■ **Activity**
Every line from the one with "patinador español de" up to and including the one with "OCEANVIEW PARK CONDO - Residential" is to be output exactly as it appears below; pictures are not.

[[ Dataset, beginning ]]

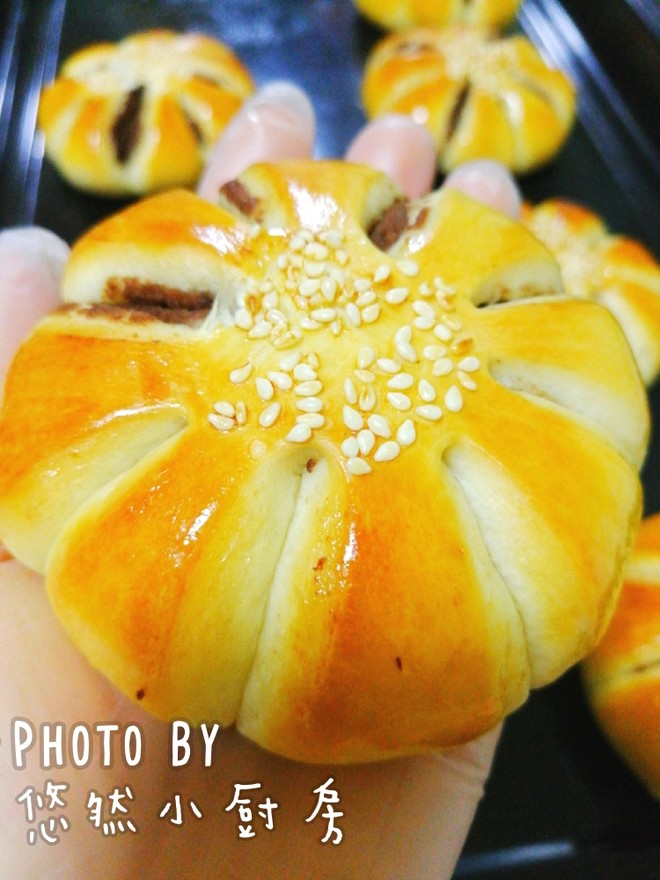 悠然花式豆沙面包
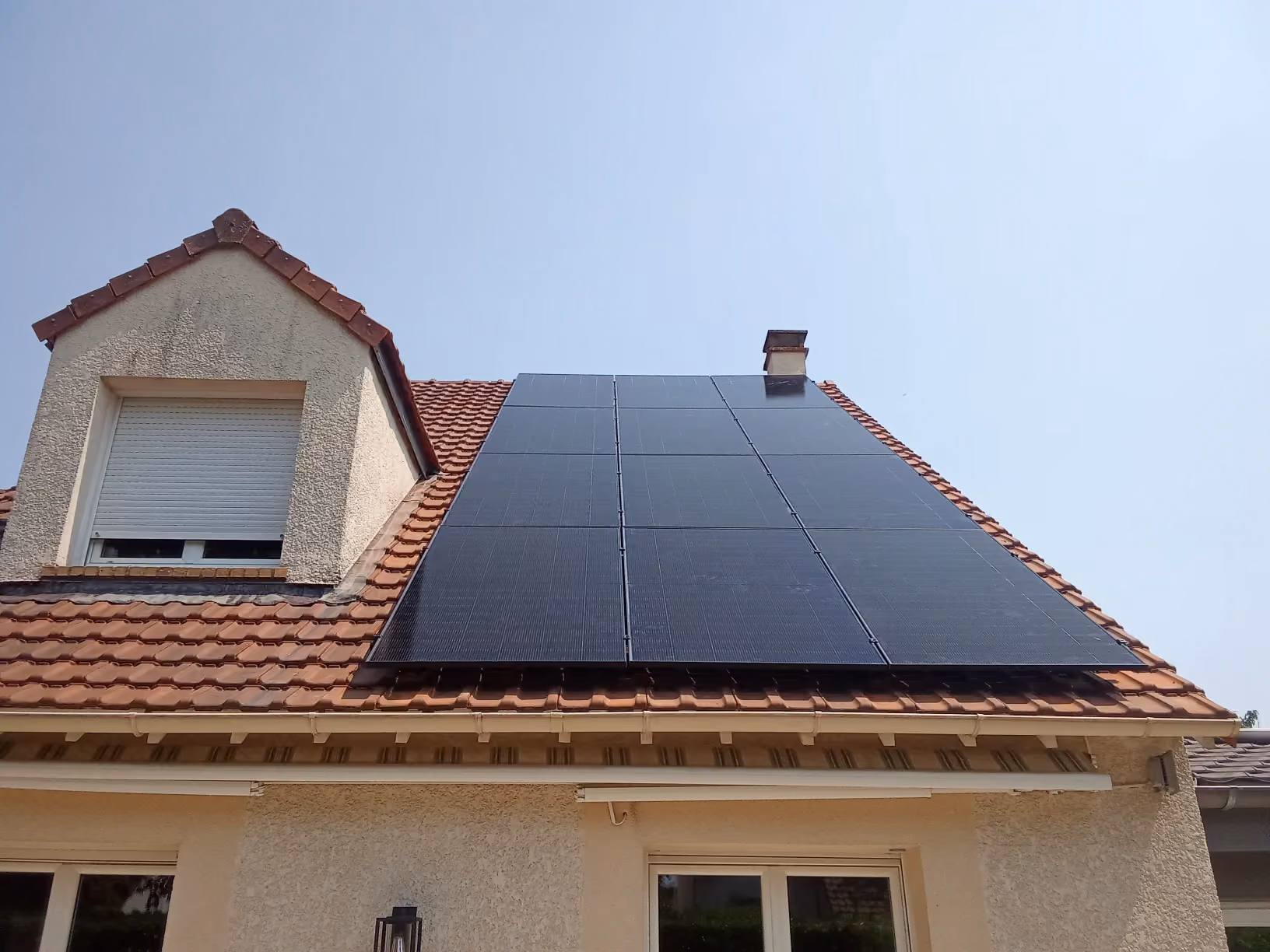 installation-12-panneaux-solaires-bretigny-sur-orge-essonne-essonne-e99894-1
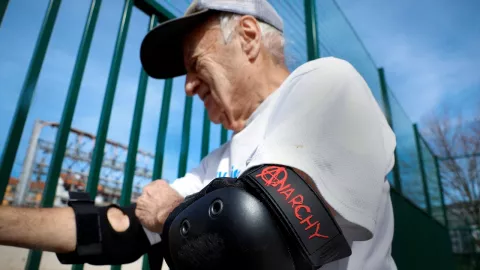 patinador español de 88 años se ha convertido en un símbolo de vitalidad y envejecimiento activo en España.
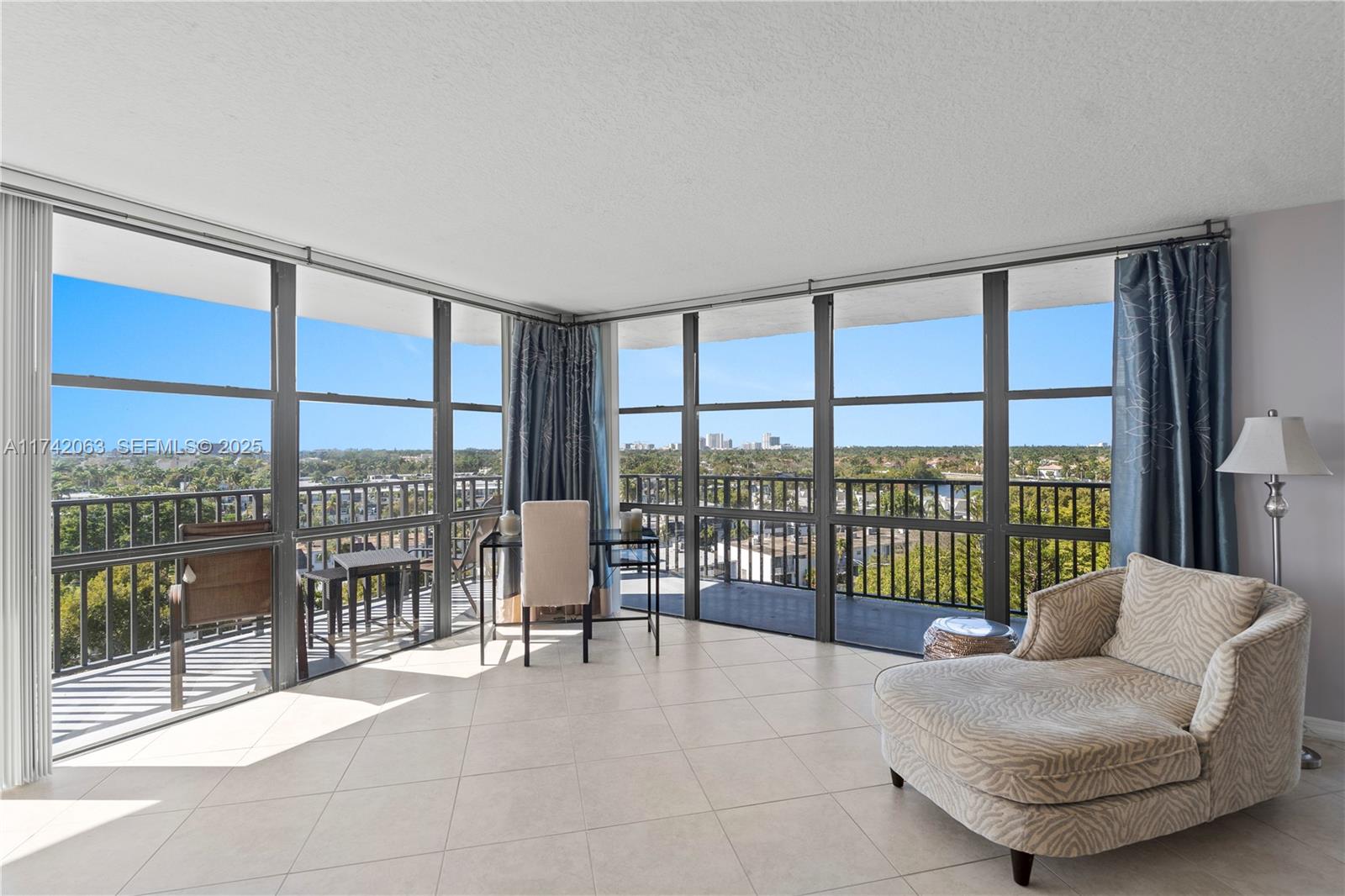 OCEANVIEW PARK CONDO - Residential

[[ Dataset, end ]]
[[ Dataset, beginning ]]

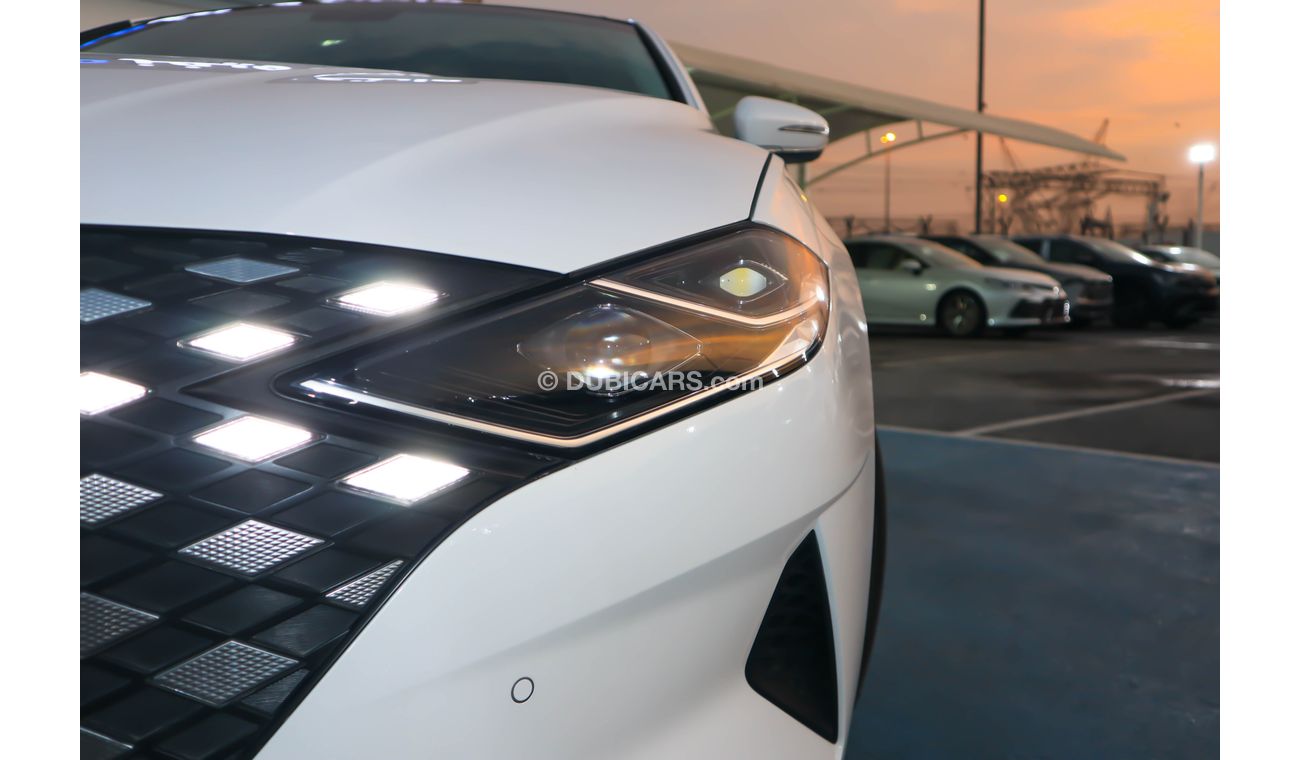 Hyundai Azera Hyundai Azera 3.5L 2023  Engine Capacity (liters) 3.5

[[ Dataset, end ]]
[[ Dataset, beginning ]]

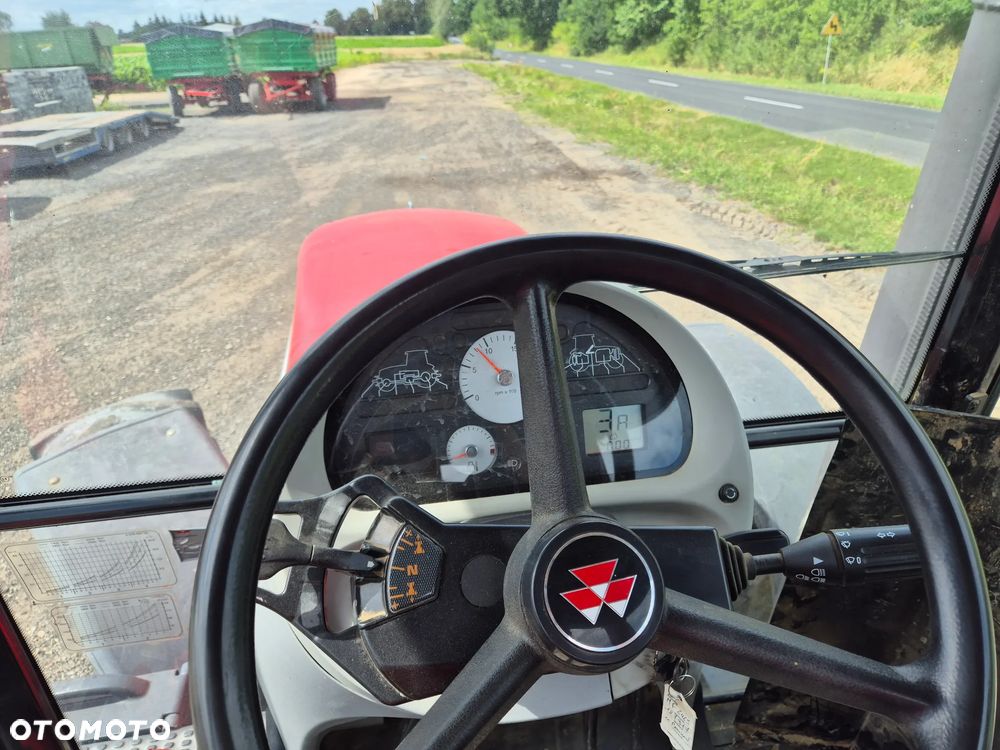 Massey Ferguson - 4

[[ Dataset, end ]]

■ **Solution to this exercise**
 patinador español de 88 años se ha convertido en un símbolo de vitalidad y envejecimiento activo en España.
 OCEANVIEW PARK CONDO - Residential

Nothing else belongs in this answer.